┌──

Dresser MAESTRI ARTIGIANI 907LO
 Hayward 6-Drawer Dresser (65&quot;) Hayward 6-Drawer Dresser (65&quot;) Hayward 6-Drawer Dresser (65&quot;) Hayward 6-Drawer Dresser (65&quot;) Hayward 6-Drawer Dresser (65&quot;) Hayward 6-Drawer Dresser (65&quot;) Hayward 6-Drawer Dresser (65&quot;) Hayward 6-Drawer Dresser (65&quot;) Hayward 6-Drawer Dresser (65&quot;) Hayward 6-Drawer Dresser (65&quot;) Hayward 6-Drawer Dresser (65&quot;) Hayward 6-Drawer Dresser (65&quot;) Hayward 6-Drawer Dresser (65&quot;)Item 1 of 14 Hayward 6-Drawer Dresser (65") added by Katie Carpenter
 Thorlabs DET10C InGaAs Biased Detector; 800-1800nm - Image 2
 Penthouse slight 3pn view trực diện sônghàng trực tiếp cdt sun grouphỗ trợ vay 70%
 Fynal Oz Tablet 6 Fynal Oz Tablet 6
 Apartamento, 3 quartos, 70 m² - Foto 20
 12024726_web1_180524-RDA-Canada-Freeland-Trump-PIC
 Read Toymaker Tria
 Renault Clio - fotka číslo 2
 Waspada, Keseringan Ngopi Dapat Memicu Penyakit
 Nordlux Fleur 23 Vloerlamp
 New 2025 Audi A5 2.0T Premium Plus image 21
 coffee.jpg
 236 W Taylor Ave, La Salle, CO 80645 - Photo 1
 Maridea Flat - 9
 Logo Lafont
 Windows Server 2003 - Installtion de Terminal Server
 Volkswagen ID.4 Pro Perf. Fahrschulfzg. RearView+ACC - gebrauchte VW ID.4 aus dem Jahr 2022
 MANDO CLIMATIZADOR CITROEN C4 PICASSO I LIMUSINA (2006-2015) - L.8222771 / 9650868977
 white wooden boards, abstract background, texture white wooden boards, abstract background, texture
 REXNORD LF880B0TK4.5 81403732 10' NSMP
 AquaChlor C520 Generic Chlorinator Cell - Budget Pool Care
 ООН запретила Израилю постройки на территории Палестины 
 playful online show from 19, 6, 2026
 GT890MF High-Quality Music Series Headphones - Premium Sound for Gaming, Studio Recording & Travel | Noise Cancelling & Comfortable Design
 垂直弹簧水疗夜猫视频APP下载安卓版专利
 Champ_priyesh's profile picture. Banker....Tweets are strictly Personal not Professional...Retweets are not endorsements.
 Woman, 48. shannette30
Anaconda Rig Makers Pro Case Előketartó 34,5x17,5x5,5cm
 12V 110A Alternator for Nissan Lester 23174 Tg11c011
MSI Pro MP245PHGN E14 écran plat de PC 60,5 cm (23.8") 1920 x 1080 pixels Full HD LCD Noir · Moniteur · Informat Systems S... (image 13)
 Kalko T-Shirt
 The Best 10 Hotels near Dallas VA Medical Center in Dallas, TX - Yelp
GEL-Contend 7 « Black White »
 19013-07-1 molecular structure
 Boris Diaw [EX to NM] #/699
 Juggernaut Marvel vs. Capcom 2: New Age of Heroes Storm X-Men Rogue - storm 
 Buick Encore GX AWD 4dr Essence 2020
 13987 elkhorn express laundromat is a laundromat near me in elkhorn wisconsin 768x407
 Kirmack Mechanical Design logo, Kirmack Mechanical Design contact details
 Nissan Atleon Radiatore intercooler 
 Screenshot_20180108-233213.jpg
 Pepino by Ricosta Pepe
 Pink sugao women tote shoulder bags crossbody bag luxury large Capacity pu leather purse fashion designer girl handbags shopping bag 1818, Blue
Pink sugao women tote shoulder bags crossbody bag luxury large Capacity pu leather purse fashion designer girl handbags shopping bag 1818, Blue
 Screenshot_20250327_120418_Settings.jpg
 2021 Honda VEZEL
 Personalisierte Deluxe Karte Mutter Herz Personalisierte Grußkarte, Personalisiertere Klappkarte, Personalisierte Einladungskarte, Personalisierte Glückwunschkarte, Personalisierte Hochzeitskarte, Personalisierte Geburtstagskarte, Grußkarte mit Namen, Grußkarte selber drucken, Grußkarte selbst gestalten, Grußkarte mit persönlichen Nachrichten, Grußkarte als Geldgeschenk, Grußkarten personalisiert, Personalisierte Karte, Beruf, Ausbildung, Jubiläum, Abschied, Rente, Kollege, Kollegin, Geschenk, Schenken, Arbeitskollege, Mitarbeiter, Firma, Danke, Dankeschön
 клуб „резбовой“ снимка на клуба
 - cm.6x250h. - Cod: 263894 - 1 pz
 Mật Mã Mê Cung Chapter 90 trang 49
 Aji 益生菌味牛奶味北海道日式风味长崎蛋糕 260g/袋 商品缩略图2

└──

◆ What needs to be done ◆
Filter the data for the string "leather" and copy every line that has it.

◆ Problem solution ◆
 Pink sugao women tote shoulder bags crossbody bag luxury large Capacity pu leather purse fashion designer girl handbags shopping bag 1818, Blue
Pink sugao women tote shoulder bags crossbody bag luxury large Capacity pu leather purse fashion designer girl handbags shopping bag 1818, Blue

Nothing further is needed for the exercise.